TASK BRIEF >> Please reproduce all of the data below exactly, leaving each picture out.

PROVIDED MATERIAL >>
★ ★ ★ ★ ★

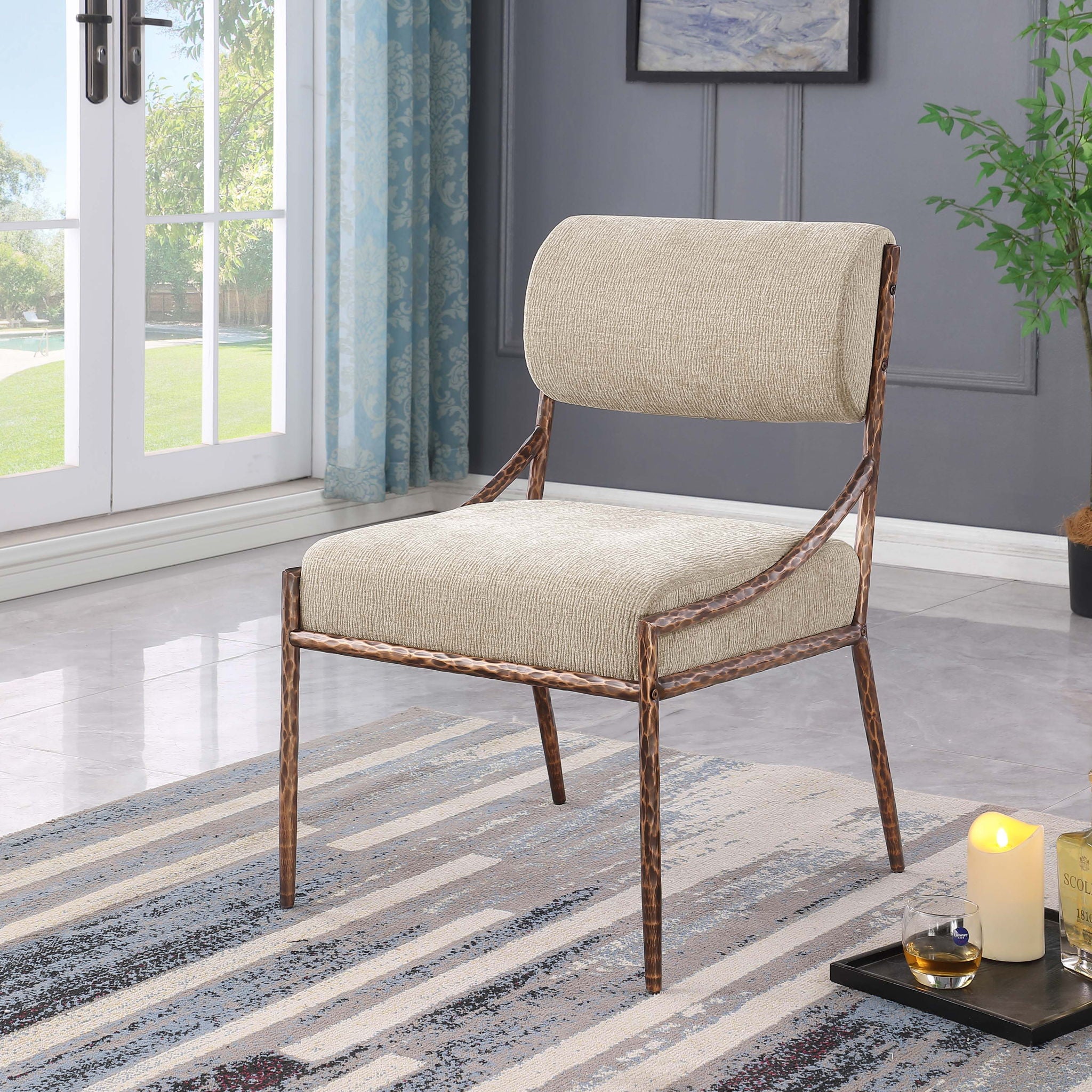 Bastille - Upholstered Dining Side Chair (Set of 2) - Bronze Frame - Urban Living Furniture (Los Angeles, CA)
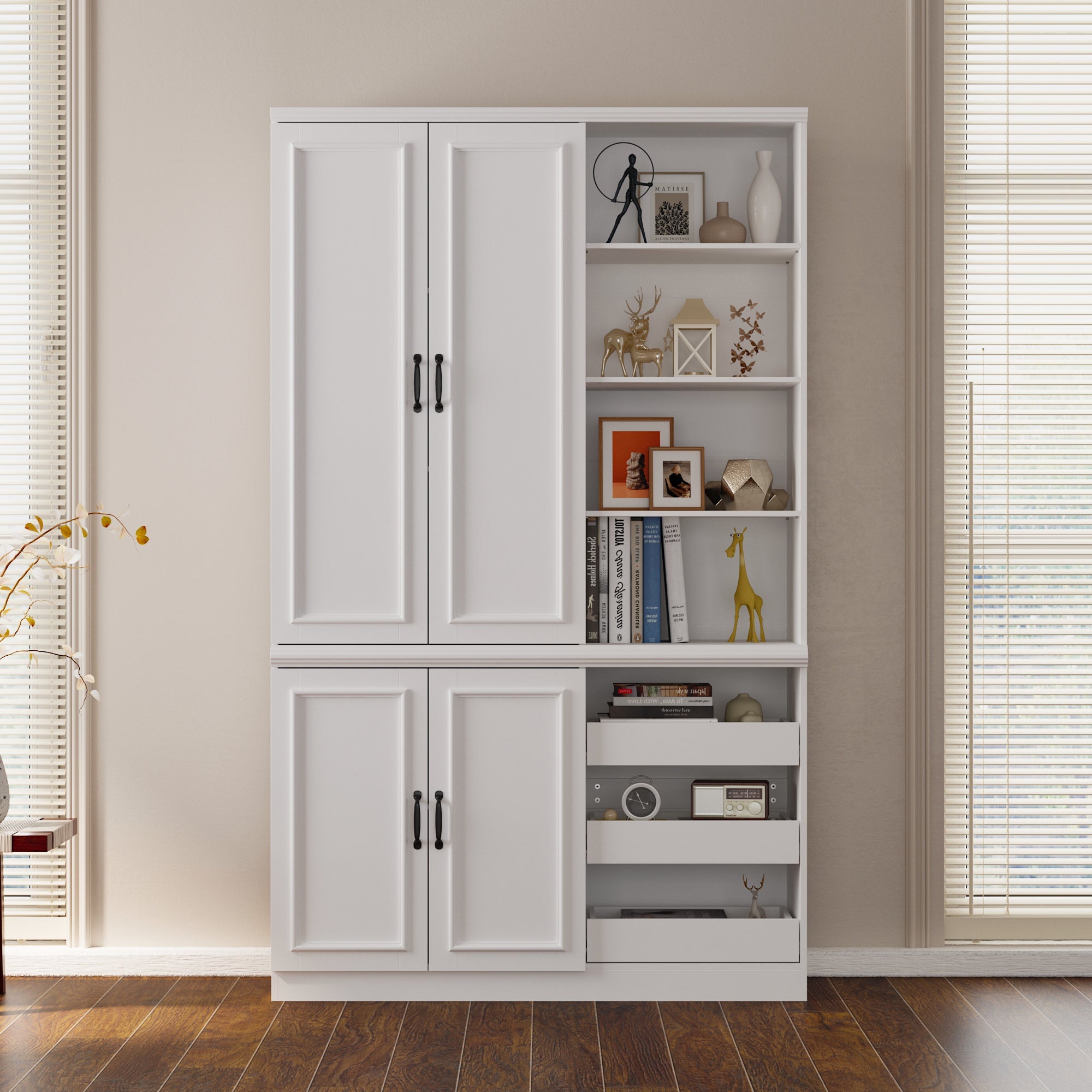 47.2 '' W X 78.7'' H Office Storage Cabinet With 3 Open Drawers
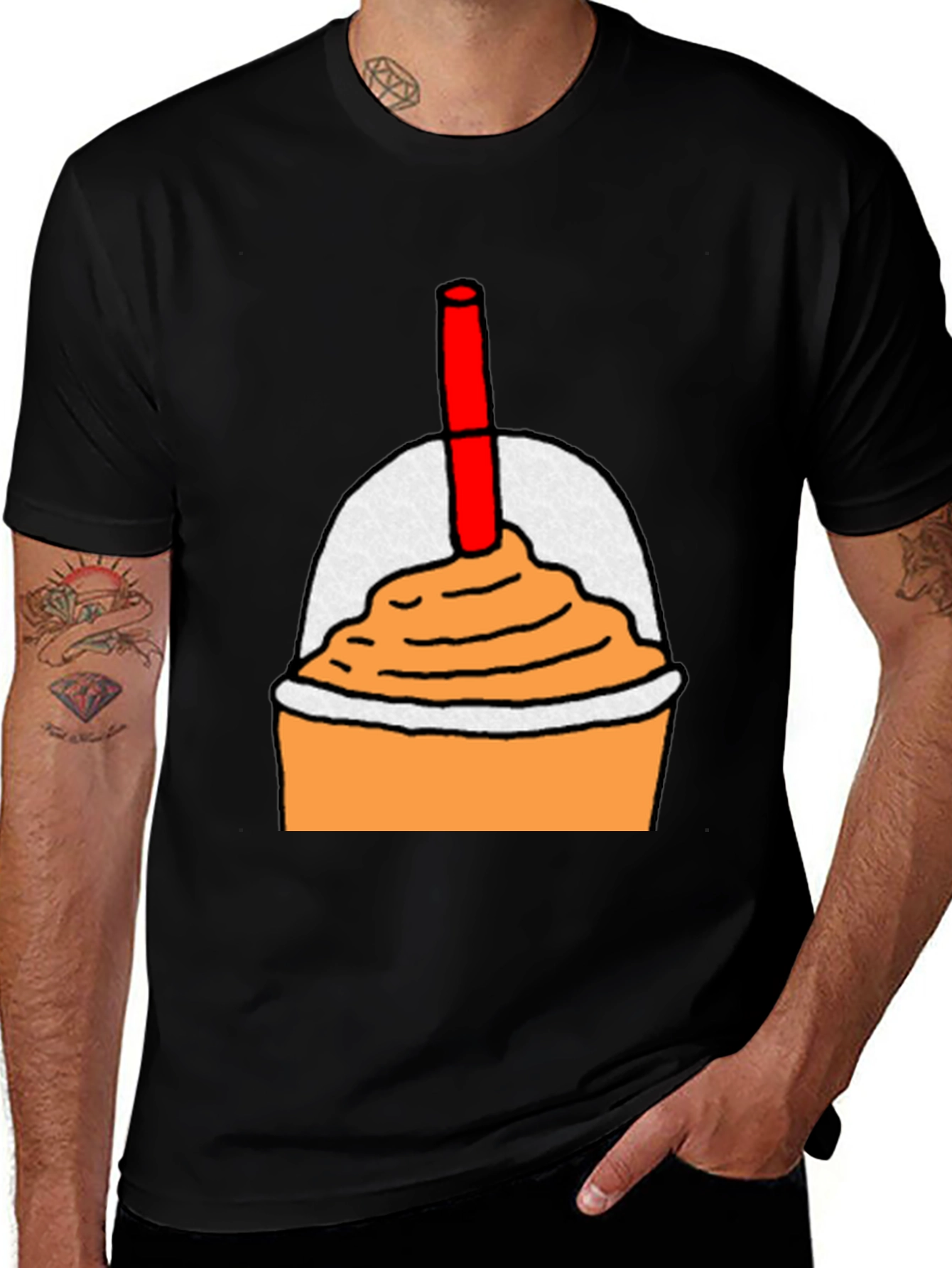 Orange Smoothie Graphic Tee - Casual Black T-Shirt
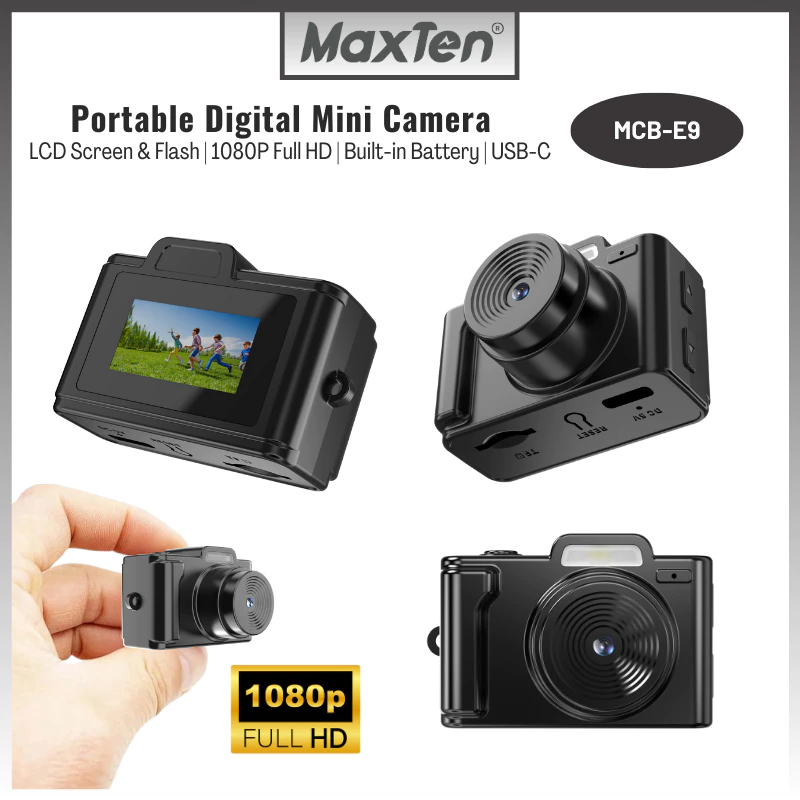 MaxTen MCB-E9 Portable Digital Mini Compact IP Camera with Built in Battery | Type-C | Kids Camera | Support:128GB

★ ★ ★ ★ ★

RESPONSE AREA >>
 Bastille - Upholstered Dining Side Chair (Set of 2) - Bronze Frame - Urban Living Furniture (Los Angeles, CA)
 47.2 '' W X 78.7'' H Office Storage Cabinet With 3 Open Drawers
 Orange Smoothie Graphic Tee - Casual Black T-Shirt
 MaxTen MCB-E9 Portable Digital Mini Compact IP Camera with Built in Battery | Type-C | Kids Camera | Support:128GB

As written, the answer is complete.